🤖 AI Summary
In multifidelity uncertainty quantification, inaccurate covariance estimation severely degrades variance reduction efficiency: insufficient pilot samples induce large bias, while excessive sampling wastes computational budget. This paper proposes a Bayesian adaptive pilot-sampling termination strategy. It introduces a γ-Gaussian prior to enable efficient posterior updates and guaranteed positive-definite projection of the covariance matrix, and designs an interpretable loss criterion that decomposes variance inefficiency into accuracy loss and cost penalty, enabling budget-aware sampling termination. The method integrates approximate control variates (ACV) with multifidelity Monte Carlo estimation. Evaluated on polynomial benchmarks and Darcy flow permeability problems, it achieves near-oracle covariance performance using only a small number of pilot samples, significantly enhancing estimation robustness and resource utilization efficiency under limited budgets.
📝 Abstract
Monte Carlo integration becomes prohibitively expensive when each sample requires a high-fidelity model evaluation.
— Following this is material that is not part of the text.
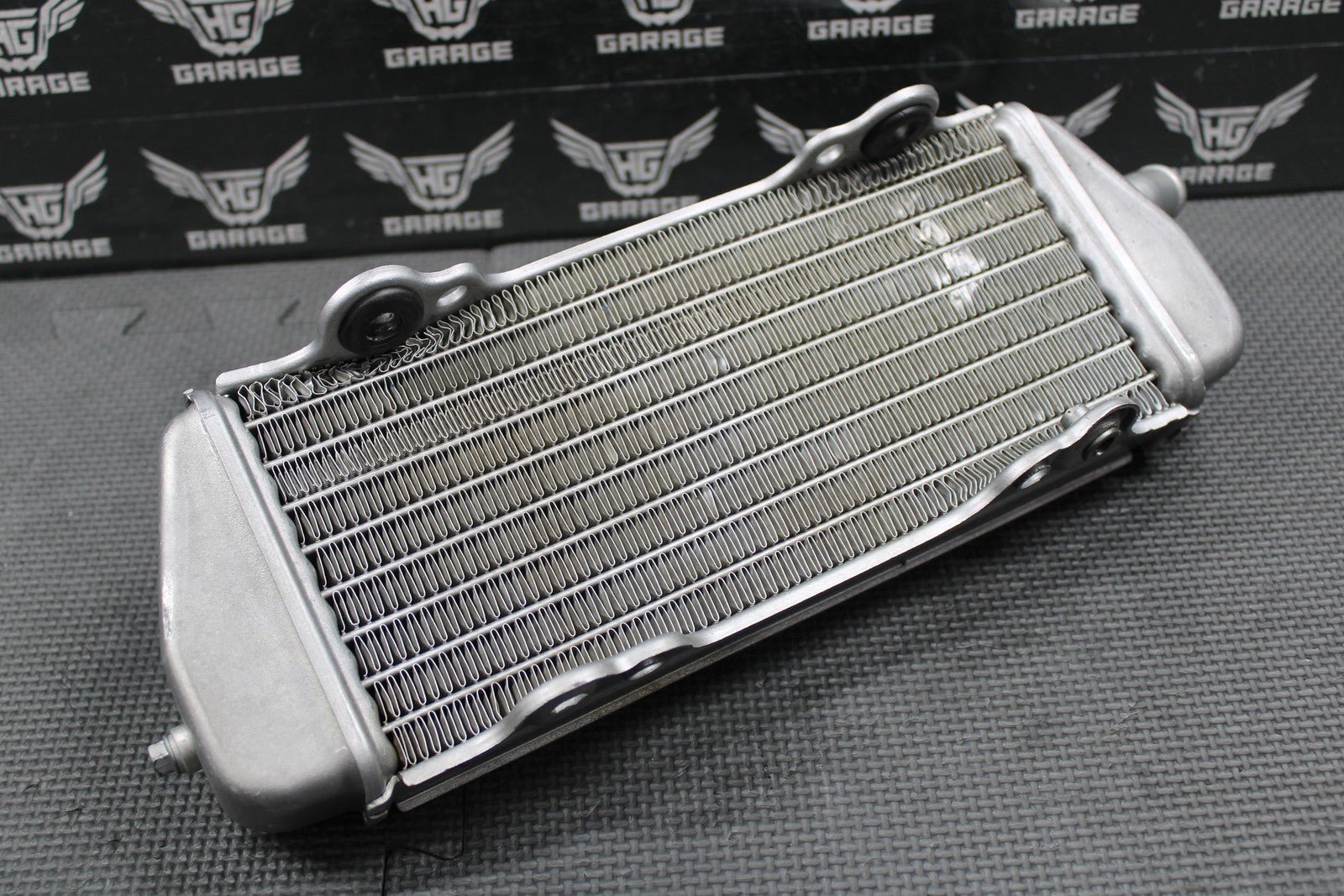 2004 98 - 06 KTM 125SX OEM RIGHT SIDE RADIATOR COOLER RADIATOR 50335008100 - hggarage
Multi-fidelity uncertainty quantification methods mitigate this by combining estimators from high- and low-fidelity models, preserving unbiasedness while reducing variance under a fixed budget. Constructing such estimators optimally requires the model-output covariance matrix, typically estimated from pilot samples. Too few pilot samples lead to inaccurate covariance estimates and suboptimal estimators, while too many consume budget that could be used for final estimation. We propose a Bayesian framework to quantify covariance uncertainty from pilot samples, incorporating prior knowledge and enabling probabilistic assessments of estimator performance. A central component is a flexible $γ$-Gaussian prior that ensures computational tractability and supports efficient posterior projection under additional pilot samples. These tools enable adaptive pilot-sampling termination via an interpretable loss criterion that decomposes variance inefficiency into accuracy and cost components. While demonstrated here in the context of approximate control variates (ACV), the framework generalizes to other multi-fidelity estimators. We validate the approach on a monomial benchmark and a PDE-based Darcy flow problem. Across these tests, our adaptive method demonstrates its value for multi-fidelity estimation under limited pilot budgets and expensive models, achieving variance reduction comparable to baseline estimators with oracle covariance.